WHAT TO DO
Make an exact copy of the lines from the one containing "Maskarë BEL London" through the end of the material, including both ends but no pictures.

RECORDS PROVIDED
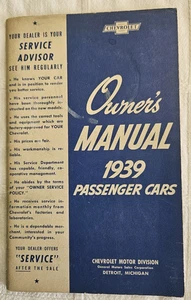 1939 Chevrolet Owner Manual Book Passenger Cars Vintage Original - Afbeelding 1 van 8
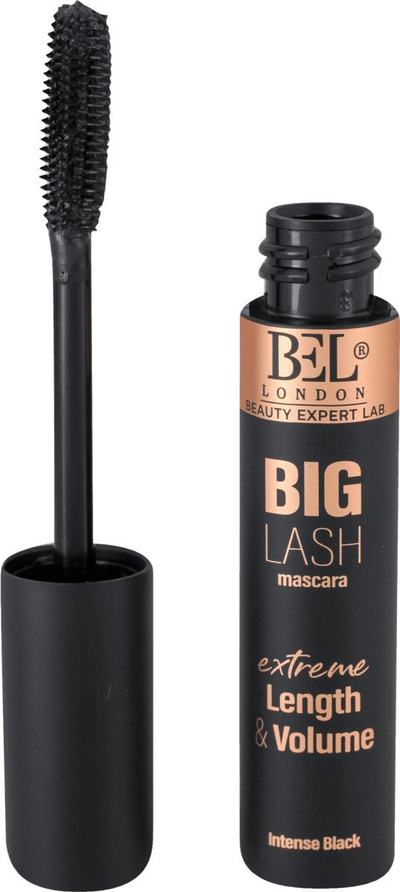 Maskarë BEL London Big Lash, për volum edhe gjatësim të fortë, 13.5ml, e zezë shumë intensive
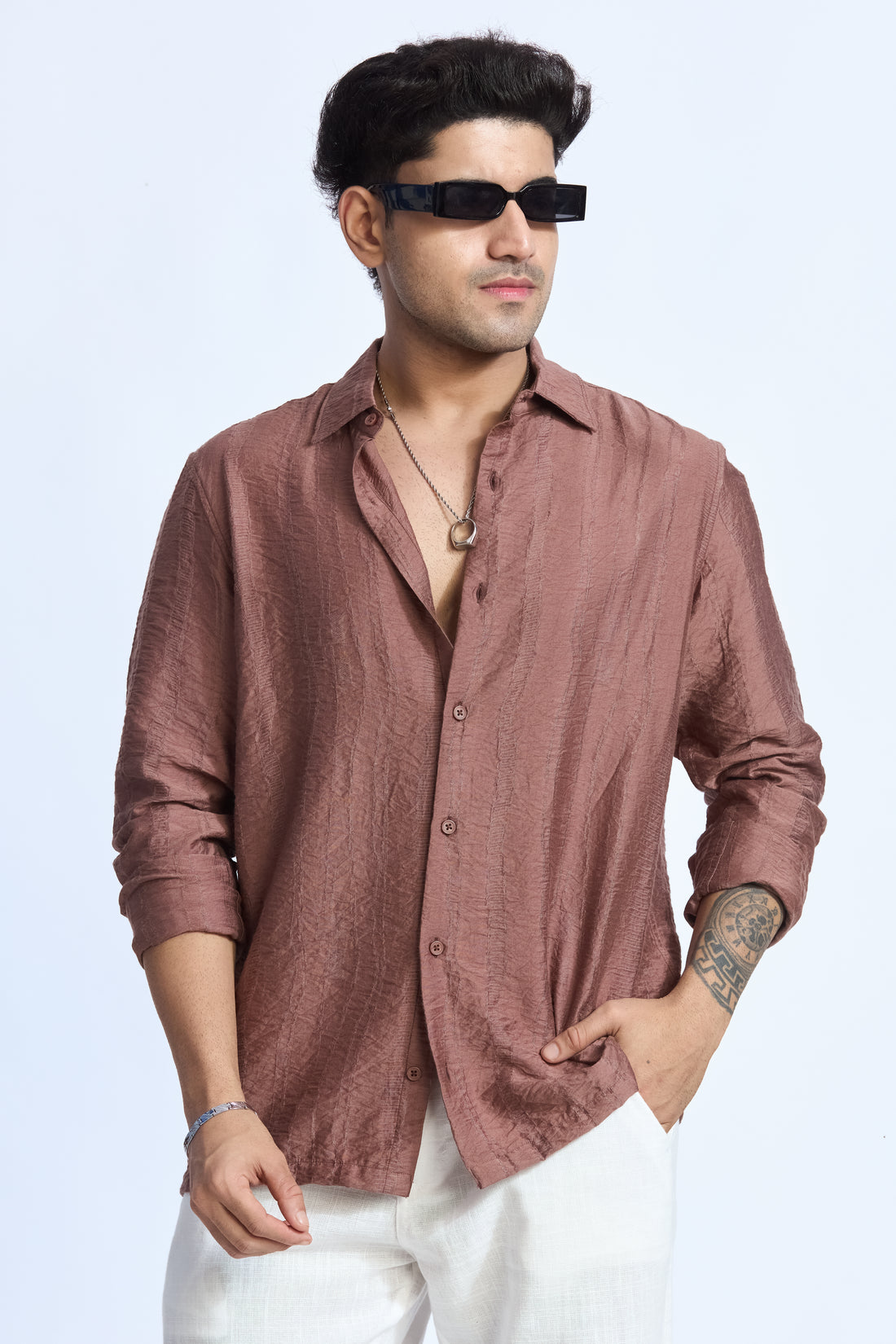 MUD JACQUARD FLOWING SHIRT
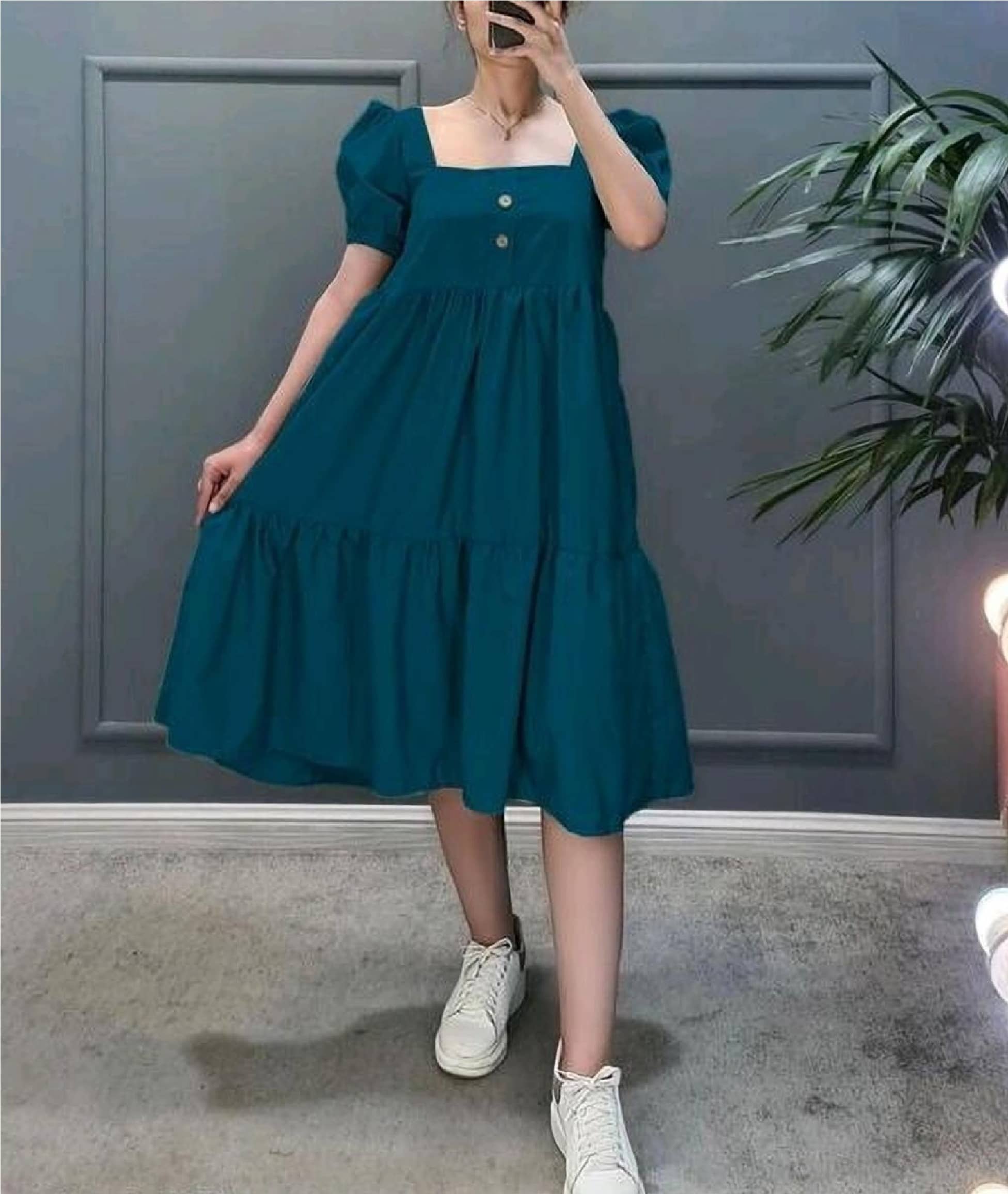JASH CREATION Women Polyester Solid Fit & Flare Dress ( Blue )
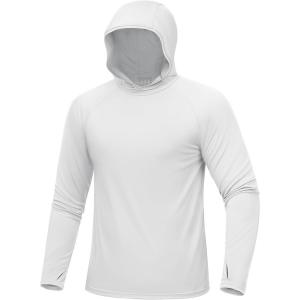 image:imageMAGCOMSEN Mens UPF 50 Sun Protection Hoodies Quick Dry Long Sleeve Rash Guard Lightweight Hoodie Shirt Fishing RunningWhite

RESPONSE
 Maskarë BEL London Big Lash, për volum edhe gjatësim të fortë, 13.5ml, e zezë shumë intensive
 MUD JACQUARD FLOWING SHIRT
JASH CREATION Women Polyester Solid Fit & Flare Dress ( Blue )
 image:imageMAGCOMSEN Mens UPF 50 Sun Protection Hoodies Quick Dry Long Sleeve Rash Guard Lightweight Hoodie Shirt Fishing RunningWhite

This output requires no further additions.